Click here for the rest.

Avadon: The Black Fortress announced

Spiderweb Software posted a page for a new game slated for release in early 2011:

You are a servant of Avadon. The Black Fortress. Your job is to protect the Pact, five nations that have banded together in a fragile alliance. The purpose of the Pact: To hold back the waves of invaders that seek to destroy you.

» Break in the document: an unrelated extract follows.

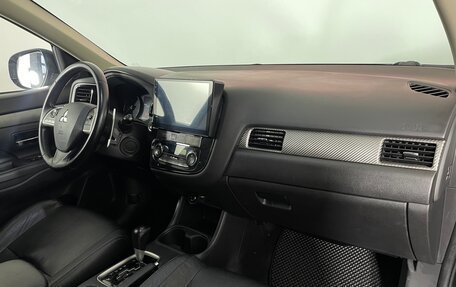 Mitsubishi Outlander III рестайлинг 3, 2013 год, 1 340 000 рублей, 12 фотография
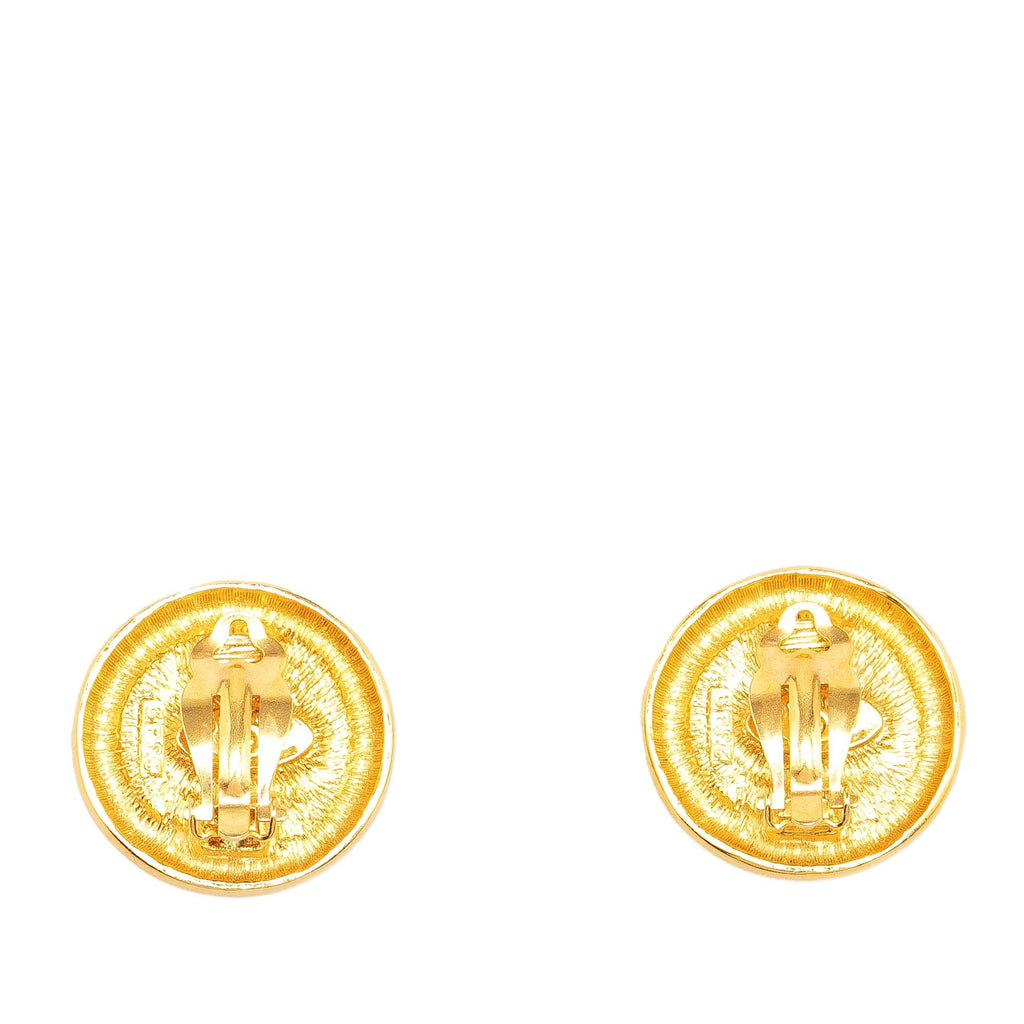 Chanel CC Clip On Earrings (SHG-oQI8qx)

Outside the lands of the Pact, there are limitless threats. Barbarians. Fading, jealous empires. Titans and unspeakable horrors. The warriors and spies of Avadon are charged to keep them at bay, weak and divided. You fight in the shadows, rooting out small threats before they have the chance to grow. Your resources are unlimited, and your word is law.

But a dark time is coming. Assassins are killing Avadon’s warriors, and a hidden enemy plots to unite all of your homeland’s foes. If you cannot discover and destroy this conspiracy, and soon, your people face total destruction. But beware. The defenders of Avadon are being picked off, one by one, and you are the next target.

While the plot sounds decidedly Baldur’s Gate-y, the in-game screenshots they’ve posted look an awful lot like Avernum VI, albeit with much nicer character portraits and GUI design. (This probably shouldn’t surprise anyone.)